Twenty four hours later, or more accurately, merely 21 hours, she was at it again. For reasons only she can truly understand, she has now put out a short statement on social media, complete with little infographics in Tory party colours but with the Department for Education branding, which is already at least partly dubious behaviour.

The point she has chosen to stress, with regard to the very real risk that concrete classrooms could collapse on children’s heads, is that “MOST SCHOOLS UNAFFECTED”. It was right there – she even put it in capitals.

That most schools are unaffected is probably already known, is it not? Most parents, for example, know whether or not their children have gone back to school. They know whether or not they’ve had a letter saying they can’t go in.

Or, in one case I happen to know about, a school where 70 per cent of the children are on free school meals has had its crumbly concrete canteen shut down, so they’re all being given pre-packed sandwiches in their classrooms instead, in all likelihood going without the only hot meal they’d have got that day.

When it comes to the risk of collapse of schools, the safety of children, “most” isn’t really good enough, is it? School buildings not falling apart with children inside them is the kind of test where you’re really looking to score 100 per cent. So widespread has the online piss-taking been that the Labour Party has even got in the act, pointing out that “Most beachgoers not eaten by big shark.”

It does bring to mind the extremely well-known Steve Coogan sketch, in which a night security guard lists all the years in which no one died on his watch, except for 1986, when someone did.

Not that any of this was sufficient to prevent the truly indefatigable from returning, again, to yesterday’s comments like the proverbial dog to its own vomit. She has now explained, to BBC Radio 2 this time, why she was so angry yesterday that no one had thanked her for everything she’d done.

The reason she’s so annoyed, it transpires, is because headteachers all around the country are letting her down, and what they need to go is “get off their backsides” and do what she’s told them to do.

Keegan reckons that plenty of headteachers still haven’t responded to the survey she sent them about crumbly concrete and they really should, because “I want to be the secretary of state that takes action.” So come on headteachers, what more potent rallying cry could there be? Put down whatever it is you’re piddling about with now, like massive budget cuts, or where the Year 9s are going to sit that won’t kill them, and get that survey filled in, otherwise Keegan might not get the credit she so desperately deserves.

Meanwhile, the schools minister Nick Gibb has been on the radio to agree with Rishi Sunak that it is “completely wrong” to suggest he only approved the rebuilding of 50 schools a year, when a figure of 200 had been recommended. Because actually he agreed to a figure of 500 over ten years, and if you think that’s the same as 50 a year, well you should count yourself lucky that your school wasn’t shut the day you got taught to divide by 10.

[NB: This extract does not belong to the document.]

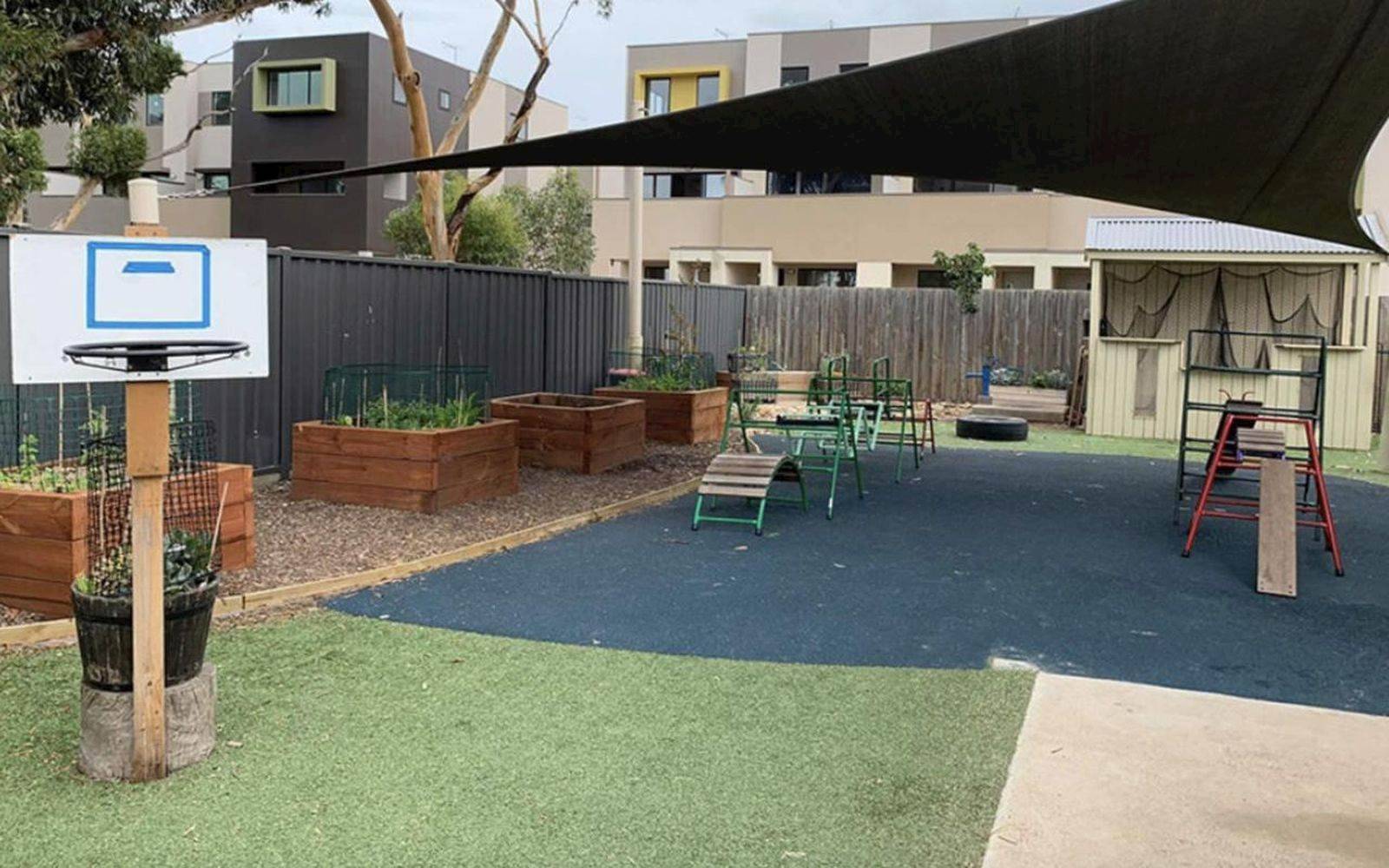 Only About Children Tarneit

There are other bits of basic maths to bear in mind. At a rate of 50 schools a year, it would take 440 years to refurbish the country’s 22,500, which somewhat outstrips not just the 30-year recommended safe structural life of aerated concrete, but every structure known to man. If Shakespeare’s Globe Theatre, which first opened in 1598, had been a school, it would be due its first refurbishment in just 15 years time.

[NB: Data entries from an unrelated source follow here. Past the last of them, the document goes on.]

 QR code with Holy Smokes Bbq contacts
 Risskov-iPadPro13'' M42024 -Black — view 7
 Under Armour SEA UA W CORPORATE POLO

All this, naturally, is a big distraction for a government desperate to get on with tackling the huge challenges facing Britain today, like, what’s that? Yes, that’s right, two-year jail terms for recreational users of nitrous oxide, which is extremely close to being entirely harmless, but has led to a very slight uptick in litter in a very small number of places and that won’t do.

Still, it should at least save people a few quid. You hardly need to suck on a balloon full of laughing gas to have a fit of the hysterics – just switch on the news. It never gets any less ridiculous.